## Exercise
Your answer should repeat exactly the lines from the one holding "Photo 7 from" through the end of the data, and it should contain no pictures.

### Data to process ###

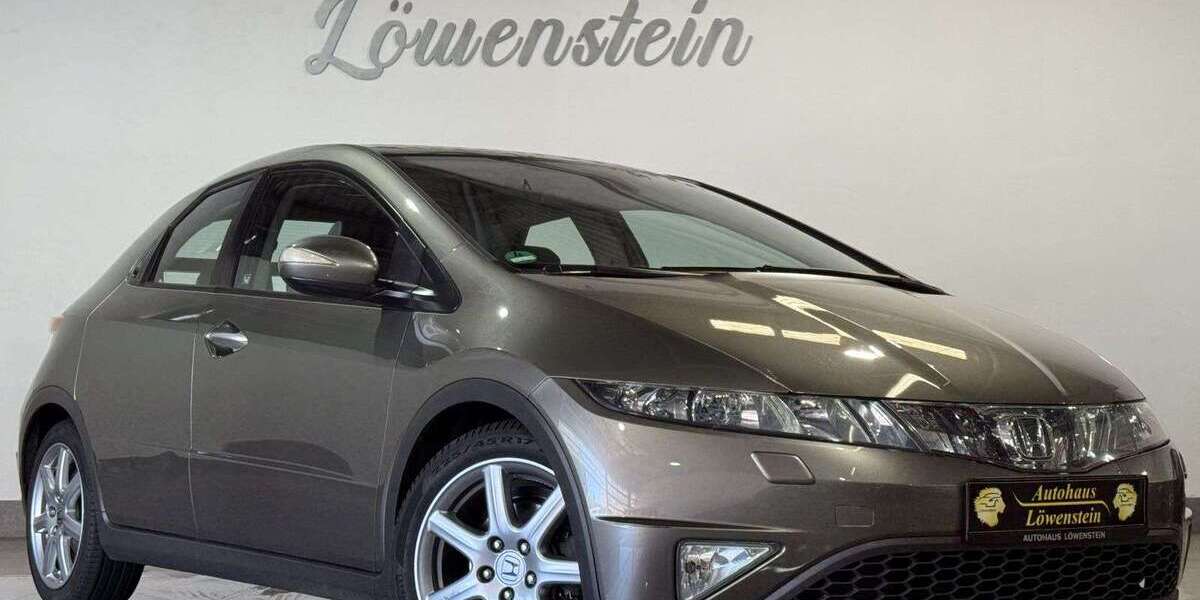 Honda Civic 80.108 km 8.280 &euro; Moers 47443
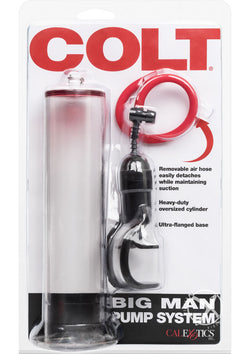 Colt Big Man Pump System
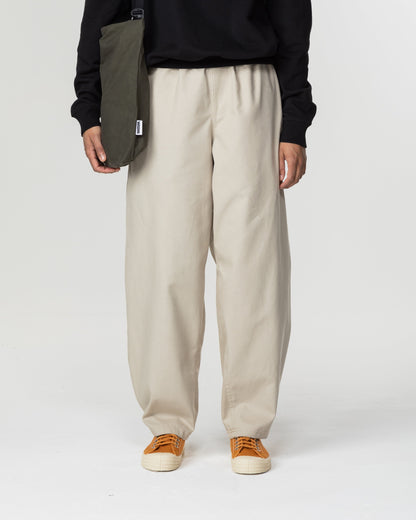 Zama Pant - Stone Grey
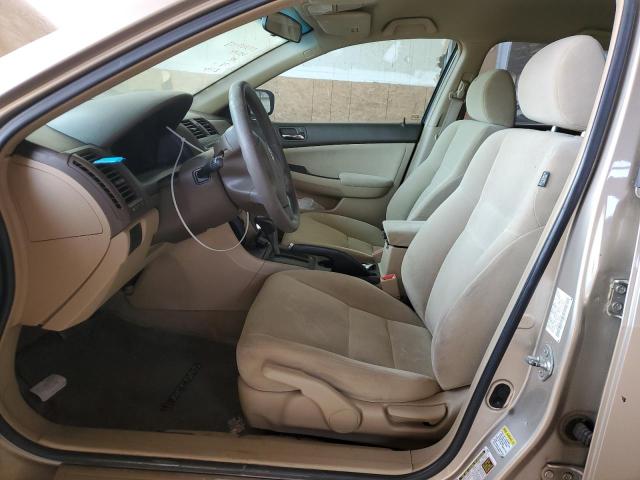 Photo 7 from auction – 2007 HONDA ACCORD with VIN 1HGCM56457A098344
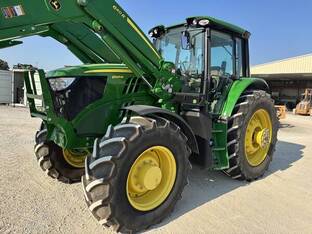 2023 John Deere 6145M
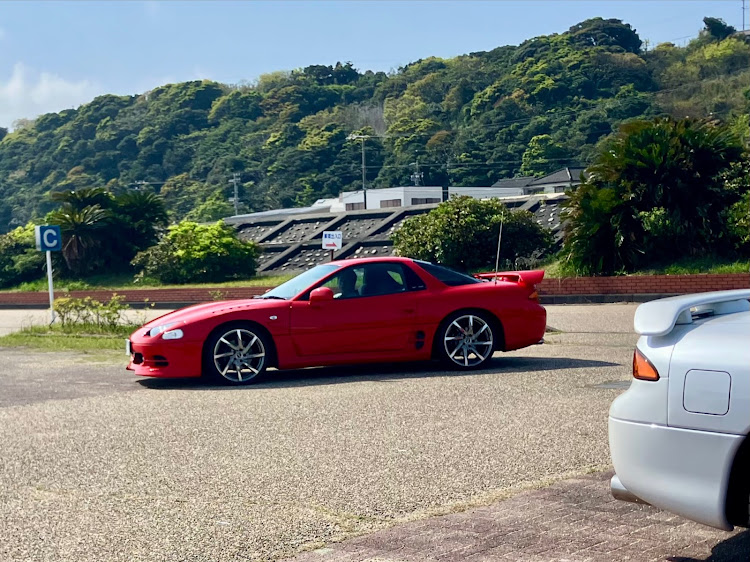 GTOの大井川・弁天島・ツーリング・KADODEOOIGAWA・#ゴールデンレトリバーに関するカスタム事例の投稿画像11枚目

###

## Task answer
 Photo 7 from auction – 2007 HONDA ACCORD with VIN 1HGCM56457A098344
 2023 John Deere 6145M
 GTOの大井川・弁天島・ツーリング・KADODEOOIGAWA・#ゴールデンレトリバーに関するカスタム事例の投稿画像11枚目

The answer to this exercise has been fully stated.